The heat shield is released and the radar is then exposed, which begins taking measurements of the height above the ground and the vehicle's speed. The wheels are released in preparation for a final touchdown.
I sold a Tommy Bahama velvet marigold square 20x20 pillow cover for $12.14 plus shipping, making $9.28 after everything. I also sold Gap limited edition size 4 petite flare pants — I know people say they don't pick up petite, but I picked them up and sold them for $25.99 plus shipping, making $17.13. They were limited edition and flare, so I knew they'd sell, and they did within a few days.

------------------------------

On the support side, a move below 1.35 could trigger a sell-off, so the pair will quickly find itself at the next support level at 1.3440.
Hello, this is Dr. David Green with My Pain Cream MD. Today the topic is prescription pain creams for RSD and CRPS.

------------------------------

PROBLEM REQUIREMENTS:
Locate the word "sell" in the records and collect each line it appears in.

ANSWER BOX:
I sold a Tommy Bahama velvet marigold square 20x20 pillow cover for $12.14 plus shipping, making $9.28 after everything. I also sold Gap limited edition size 4 petite flare pants — I know people say they don't pick up petite, but I picked them up and sold them for $25.99 plus shipping, making $17.13. They were limited edition and flare, so I knew they'd sell, and they did within a few days.
On the support side, a move below 1.35 could trigger a sell-off, so the pair will quickly find itself at the next support level at 1.3440.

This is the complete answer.